Exercise objective: Starting at the line that contains "Ferienwohnung in Maslenica", reproduce only the lines through the end of the data, exactly, including both the first and the last; skip the pictures.

[Crawled caption data]
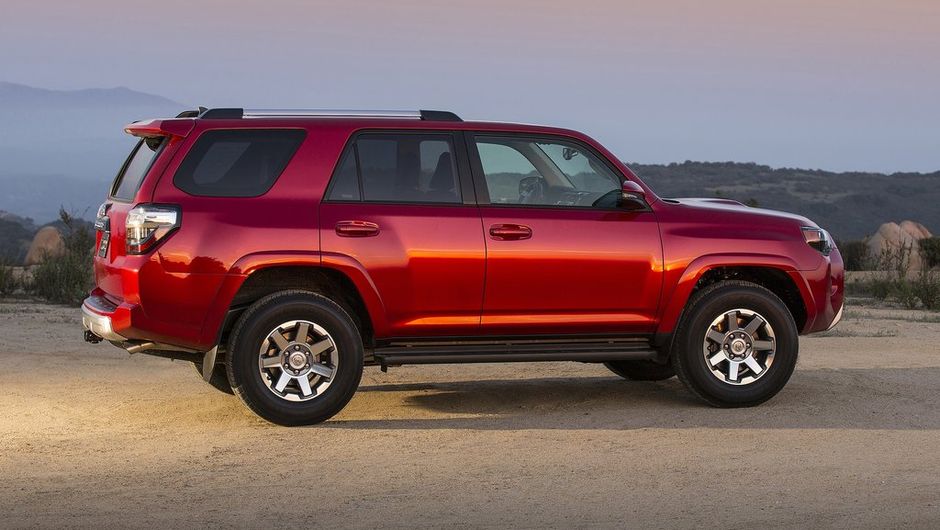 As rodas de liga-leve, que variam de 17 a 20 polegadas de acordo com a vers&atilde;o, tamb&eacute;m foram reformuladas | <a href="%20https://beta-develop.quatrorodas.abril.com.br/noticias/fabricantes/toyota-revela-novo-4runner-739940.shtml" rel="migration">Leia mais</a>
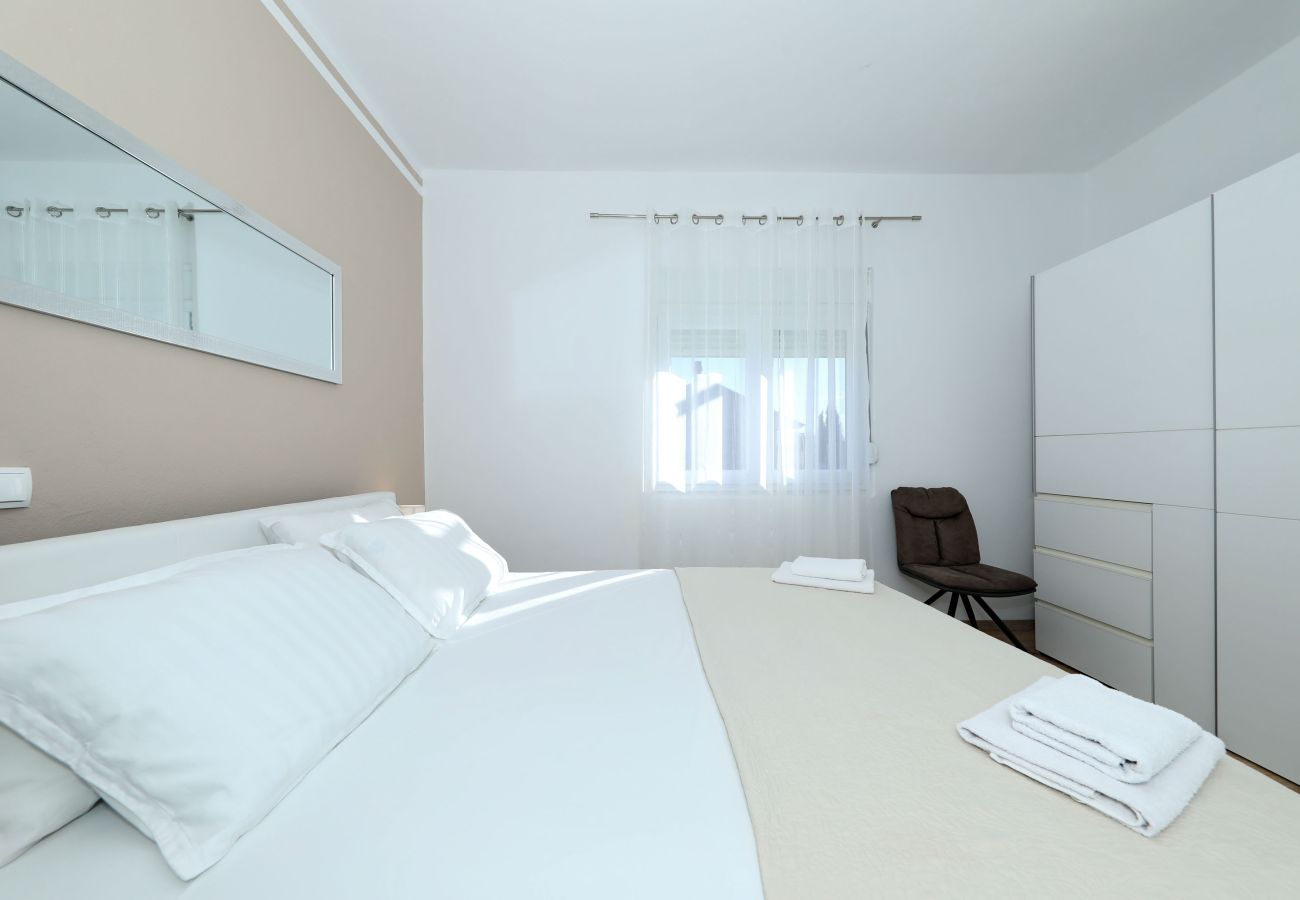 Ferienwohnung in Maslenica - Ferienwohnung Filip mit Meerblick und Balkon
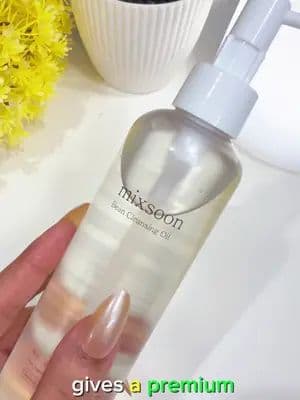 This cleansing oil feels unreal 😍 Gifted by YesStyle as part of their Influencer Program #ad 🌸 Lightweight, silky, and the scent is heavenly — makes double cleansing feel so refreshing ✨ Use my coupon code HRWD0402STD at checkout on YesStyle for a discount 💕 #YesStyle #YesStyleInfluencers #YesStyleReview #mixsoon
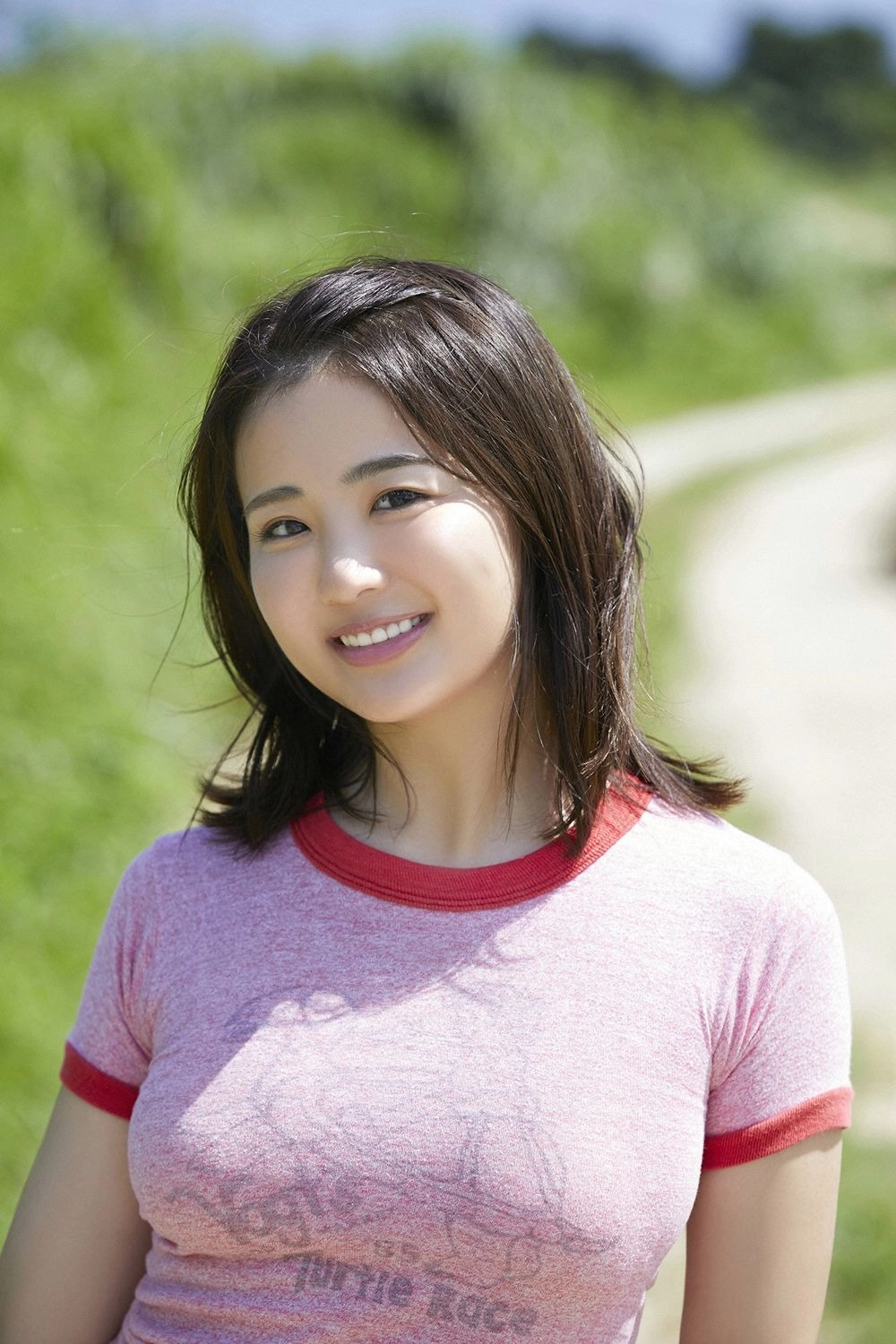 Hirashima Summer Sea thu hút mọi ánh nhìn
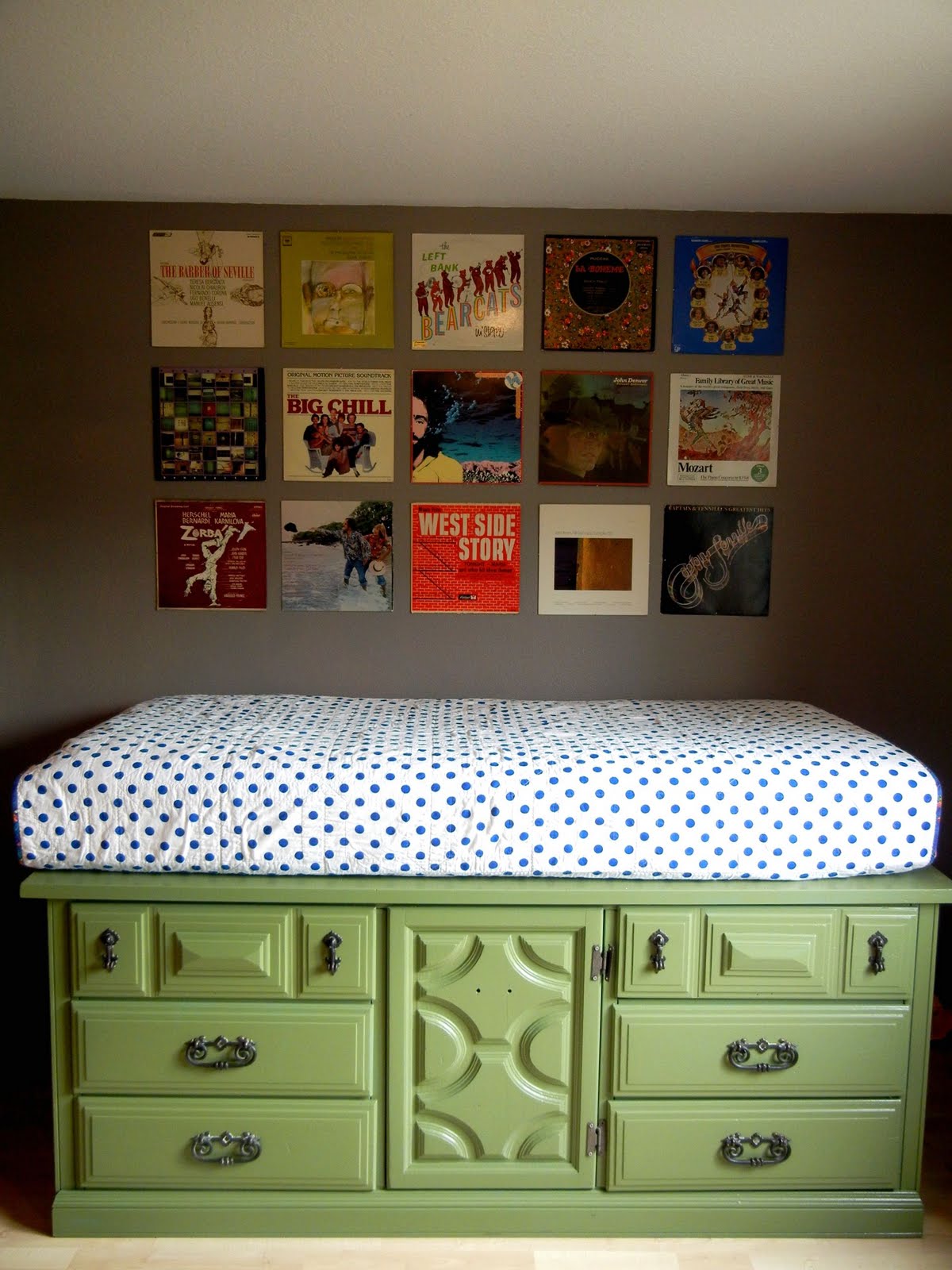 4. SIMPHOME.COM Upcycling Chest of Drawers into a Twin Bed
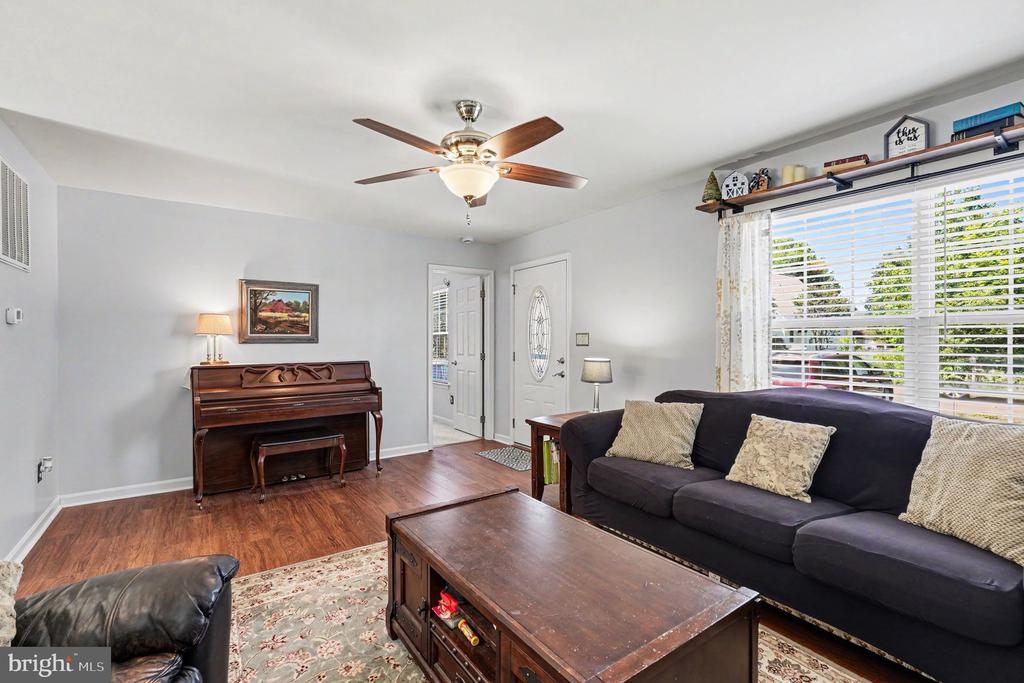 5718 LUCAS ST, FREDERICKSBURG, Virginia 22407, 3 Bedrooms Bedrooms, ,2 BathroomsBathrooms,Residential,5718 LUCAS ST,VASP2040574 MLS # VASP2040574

Reply to the task:
 Ferienwohnung in Maslenica - Ferienwohnung Filip mit Meerblick und Balkon
 This cleansing oil feels unreal 😍 Gifted by YesStyle as part of their Influencer Program #ad 🌸 Lightweight, silky, and the scent is heavenly — makes double cleansing feel so refreshing ✨ Use my coupon code HRWD0402STD at checkout on YesStyle for a discount 💕 #YesStyle #YesStyleInfluencers #YesStyleReview #mixsoon
 Hirashima Summer Sea thu hút mọi ánh nhìn
 4. SIMPHOME.COM Upcycling Chest of Drawers into a Twin Bed
 5718 LUCAS ST, FREDERICKSBURG, Virginia 22407, 3 Bedrooms Bedrooms, ,2 BathroomsBathrooms,Residential,5718 LUCAS ST,VASP2040574 MLS # VASP2040574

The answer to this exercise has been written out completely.